The Times published a report originally headlined, "How the G.O.P. Is Creating Harsher Penalties for Protesters," that was eventually titled "G.O.P. Bills Target Protesters (and Absolve Motorists Who Hit Them)," in the online version. It detailed how "Republican-led states are introducing punitive new measures governing protests" in the wake of former policeman Derek Chauvin's conviction for the murder of George Floyd.
The story blasted Oklahoma, Iowa, Indiana, Florida and other states for steps taken to prevent rioting, looting and violence that sometimes occurs during civil rights demonstrations and other forms of protests. Protests and riots following the 2020 killing of Floyd resulted in at least 18 deaths, $350 million worth of property damage in the Minneapolis area and nearly $2 billion nationwide.
However, the Times didn’t highlight deaths or significant property damage when downplaying the protests as mostly peaceful.
"While Democrats seized on Mr. Floyd’s death last May to highlight racism in policing and other forms of social injustice, Republicans responded to a summer of protests by proposing a raft of punitive new measures governing the right to lawfully assemble," the Times reported, before dismissing the violence and destruction tied to the protests.

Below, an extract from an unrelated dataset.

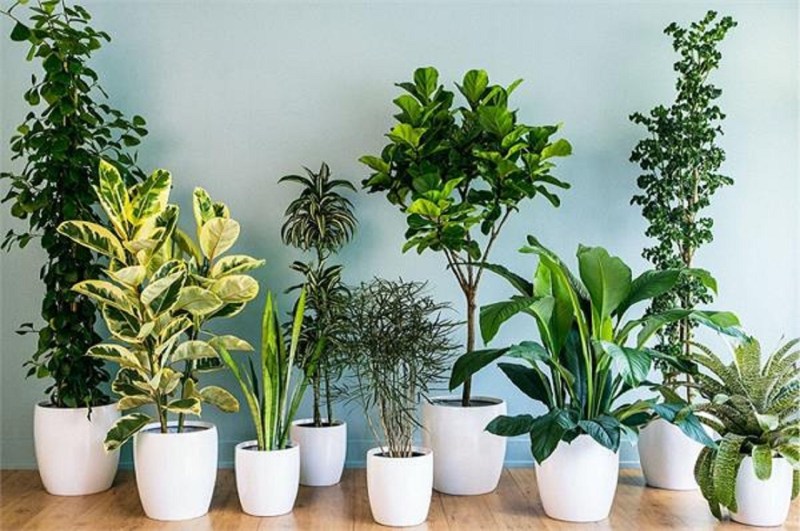 Air Purifying Plants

"Some, like [Florida Gov. Ron] DeSantis, are labeling them ‘anti-riot’ bills, conflating the right to peaceful protest with the rioting and looting that sometimes resulted from such protests," the Times reported.
The Times then claimed, "The laws carry forward the hyperbolic message Republicans have been pushing in the 11 months since Black Lives Matter protests against racial injustice swept the country: that Democrats are tolerant of violent and criminal actions from those who protest against racial injustice."
The newspaper essentially began a public relations campaign for protestors, reporting "the overwhelming majority of last summer’s nationwide Black Lives Matter protests were peaceful," "more than 96 percent involved no property damage or police injuries" and "most of the protests held across Florida last summer were also peaceful."
The paper did note that "a few in Miami, Tampa and Jacksonville produced some episodes of violence, including the burning of a police car and a sporting goods store," but failed to mention the deaths and significant property damage that occurred throughout the nation.
The Times knocked a Florida law for increasing the penalties of someone caught toppling a monument by noting that "Confederate ones" are included.